Activity —
Using the entries that follow, transcribe only the lines from the line with "Casio Baby-G LOV-19B" to the line with "Allesgute Lampada Da", both included, exactly as they stand and without pictures.

[Items listed in a dataset]
####################

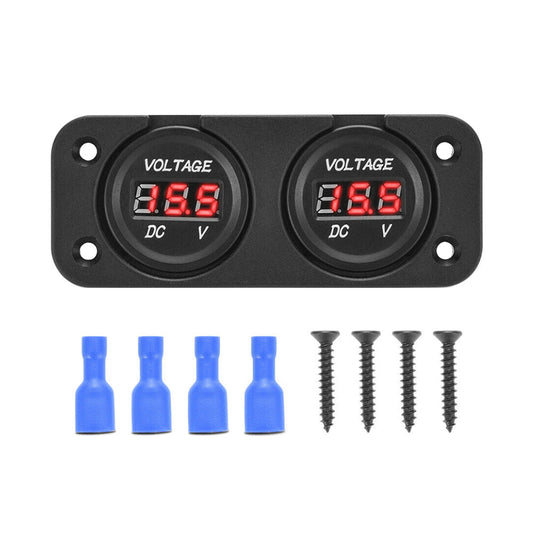 Digital LED Volt Meter Dual Battery Monitor Suitable For Boat Marine DC 12V-24V-0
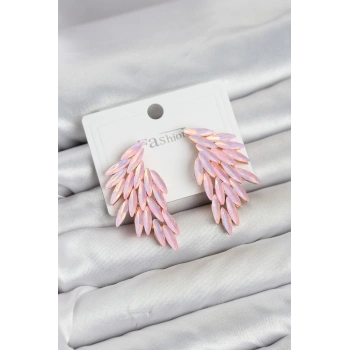 Pembe Renk Kristal Taşlı Kanat Küpe TJ-BKP11911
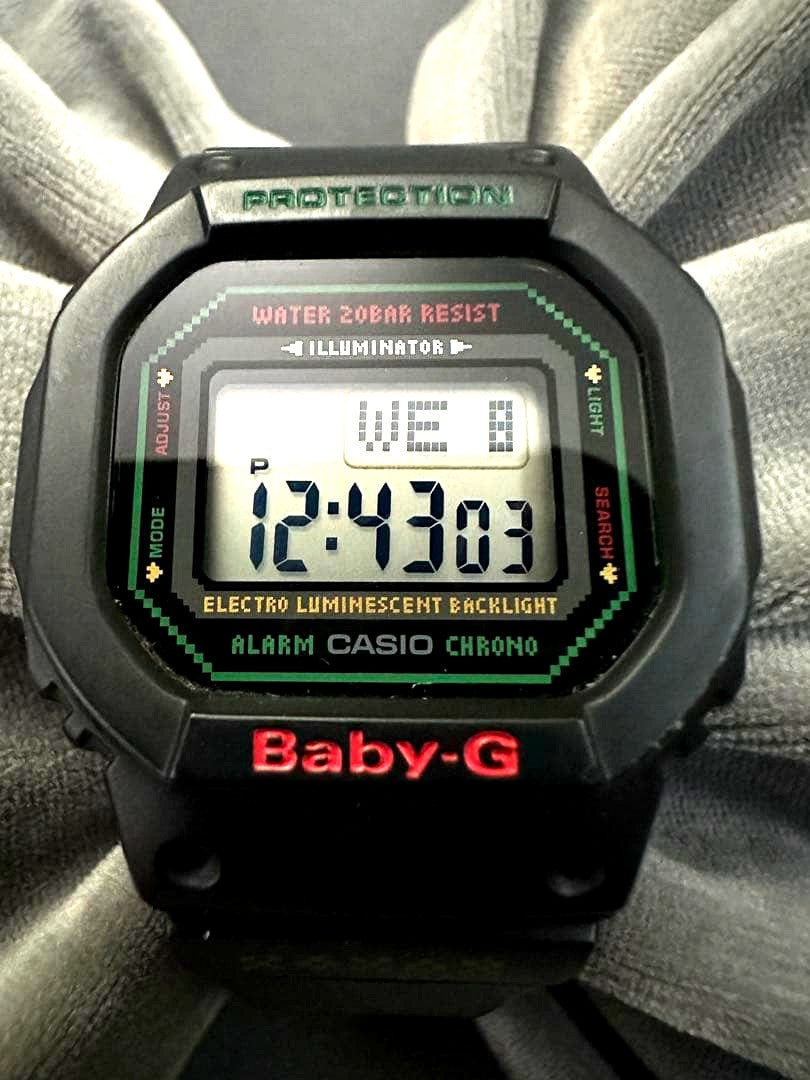 Casio Baby-G LOV-19B Limited edition watch with retro pixel art and graphic band design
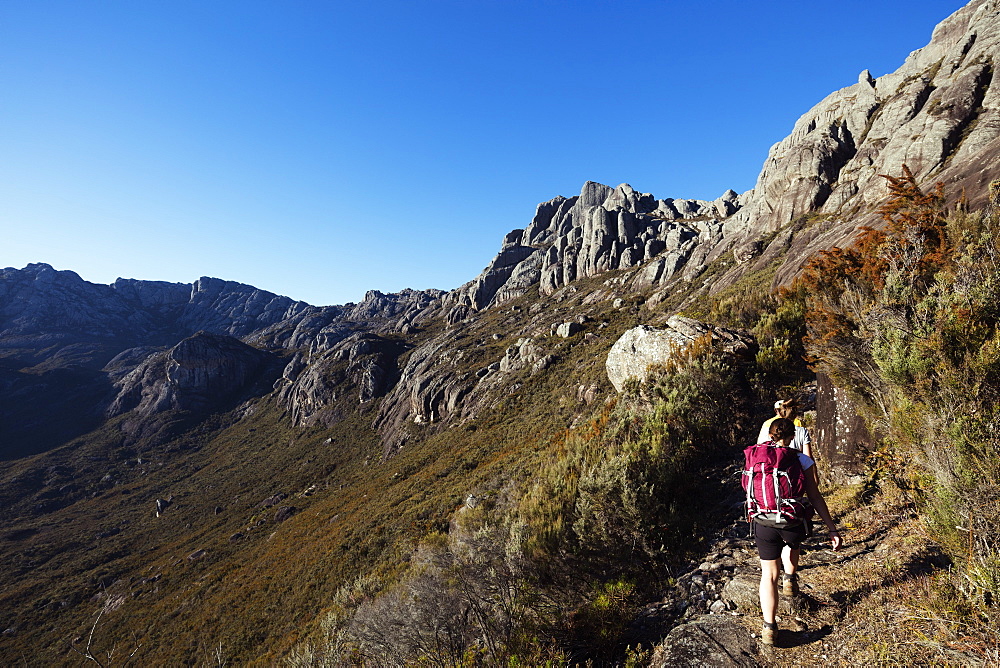 Hikers walking to Pic Boby, Andringitra National Park, Ambalavao, central area, Madagascar, Africa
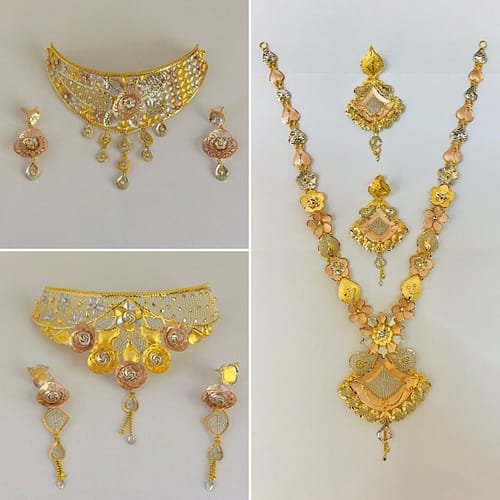 Rodum Touch Floral Design Gold Long Set With Nacklace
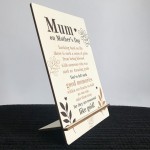 Mum On Mothers Day Memorial Plaque A5 In Memory Sign For Mum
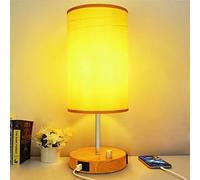 Allesgute Lampada Da Comodino 45cm Dimmerabile Con Porta Di Ricarica USB C, Lampada Da Tavolo Con Paralume, Controllo A Manopola Per 0-800 LM (Incl. Lampadina LED 8W E27)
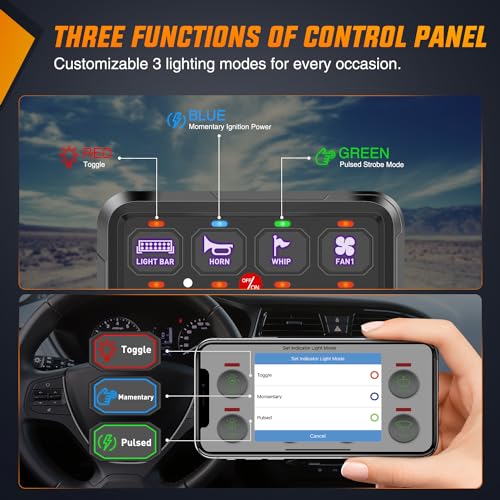Image of Nilight 8 Gang Switch Panel Relay System w /APP Control Automatic Dimmable | RGB Backlight Panel Circuit Control Fuse Wiring Harness ON Off LED Switches Pod for 12V 24V Cars Trucks Campers SUV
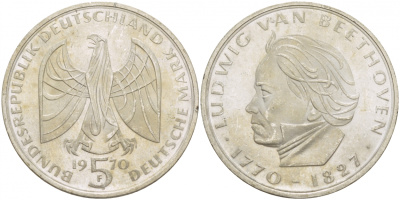 ФРГ 5 марок 1970 F. 200 лет со дня рождения Людвига ван Бетховена KM 127, J. 408 серебро UNC 4545-1124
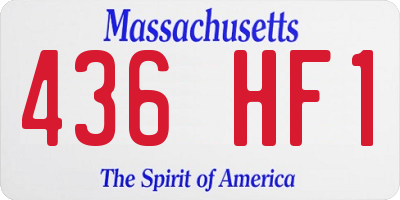 MA license plate 436HF1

####################

Task response —
 Casio Baby-G LOV-19B Limited edition watch with retro pixel art and graphic band design
 Hikers walking to Pic Boby, Andringitra National Park, Ambalavao, central area, Madagascar, Africa
 Rodum Touch Floral Design Gold Long Set With Nacklace
 Mum On Mothers Day Memorial Plaque A5 In Memory Sign For Mum
 Allesgute Lampada Da Comodino 45cm Dimmerabile Con Porta Di Ricarica USB C, Lampada Da Tavolo Con Paralume, Controllo A Manopola Per 0-800 LM (Incl. Lampadina LED 8W E27)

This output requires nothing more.